== Data provided ==
+ + + + + + +

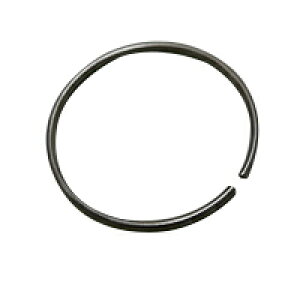 KN FF00V[Y gbṽXibvO FF00-RING oCN tH[NV[E_XgJo[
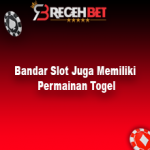 Bandar Judi Bola Di Server Pay4d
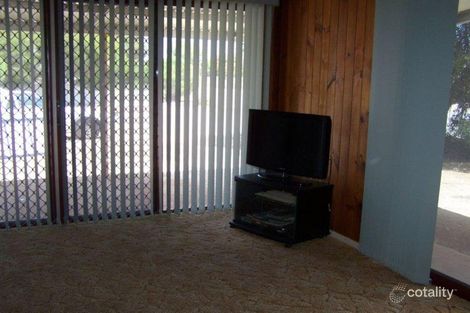 Property photo of LOT 66 Third Street Port Germein SA 5495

+ + + + + + +

== What you will do ==
Your answer must be the lines from the line containing "Bandar Judi Bola Di Server Pay4d" through the final line of the data, written out exactly, both ends included and pictures left out.

== The answer ==
 Bandar Judi Bola Di Server Pay4d
 Property photo of LOT 66 Third Street Port Germein SA 5495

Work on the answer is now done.